I'll get it," hollered Theo.

I jumped up. "It's not for you, you little creep! It's Sybil." I shot an imploring look at my mother.

"Theo, finish your dinner," she said, and smiled at me. Finally some justice.

I let Sybil in, and we went right to my room to make the call.

"What are you going to say to him?" I asked as she punched in Dirk's number.

"We'll ask him about the homework, of course."

"Right, right." I'd forgotten that calling a boy and asking about the homework is a teen girl excuse for calling said boy and talking about anything her heart desires. You don't even need to have a class with a boy to discuss homework. Teen code is so cool. I don't know what I'm going to do when I turn twenty.

"Hello?" Dirk's smooth, sexy voice came on the line. Sybil held the phone between us. I could hear him breathing on the other end. He even breathed sexy.

"Say something," she whispered.

"Huh? You say something."

"He's your date."

"Hellooo?" he repeated.

"But he's not in any of my classes."

"It's not homework, Margot, it's homework."

"Who is this? I can hear you talking, you know."

Sybil eyed me, her lips defiant and tight. It was clear she wasn't going to talk to him. "Umm. Parlez-vous frangais?" The French words crept from my throat. Why I chose a language I could hardly speak I have no idea. I just panicked.

Sybil's eyes widened. "What are you doing? Talk to him in English. He's not going to bite."

"Who is this? Is this some kind of joke?" Dirk demanded.

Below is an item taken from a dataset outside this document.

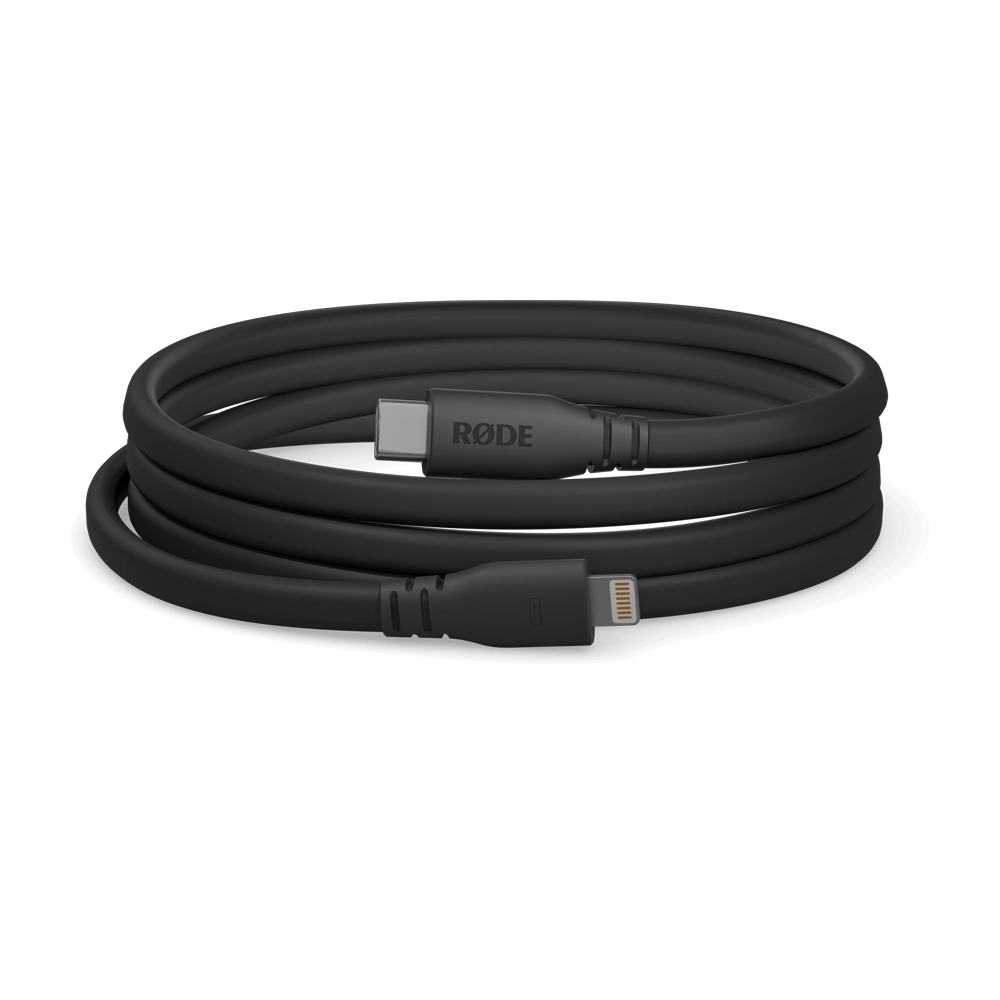 RODE  SC19 USB-C to Lightning (IOS) Cable  (1.5m)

"Umm, no. No speaky English," I said, and quickly hung up.

Sybil glared at me. "Margot, I made the opening for you. You're going to have to talk to him."

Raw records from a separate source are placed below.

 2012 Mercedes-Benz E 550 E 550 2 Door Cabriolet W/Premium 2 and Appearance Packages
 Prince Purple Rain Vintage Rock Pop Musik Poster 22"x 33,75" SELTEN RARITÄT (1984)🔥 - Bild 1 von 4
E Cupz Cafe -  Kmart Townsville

"I know. But I thought you were going to do all the talking this time. You know, tell him what a wonderful person I am and how he was so lucky to be going out with me, while I listened in. Why did you spring him on me like that?"

"Because I knew if I didn't, you'd make some lame excuse why you couldn't talk. And I'm not going to let you blow this opportunity."

"Oh." After a moment I sighed. She knew me too well. "You're right. I just need to work up to it, that's all."

The tension lines around her eyes relaxed. She smiled. "I know you will. Tomorrow."

Suddenly, I was into it. "Yes! Tomorrow I'll show up at school everywhere that Dirk might be, looking ravishing. I'll smile and casually wave in a way that lets him know I'm fun and intelligent but not clingy. No talking involved in that."

It's amazing how much a girl can convey in a smile. Of course, if a girl was, say, shallow and brainless as a tick, her smile would convey that as well. Unfortunately some boys like the brainless type, which is why Amanda and the Twigettes always seem to have boyfriends. But Dirk was different. Any boy who was an athlete and a finalist in the science fair was way too complicated for Amanda's bunch.

"Sounds like a plan," Sybil replied. "Tomorrow we turn that maybe into a yes."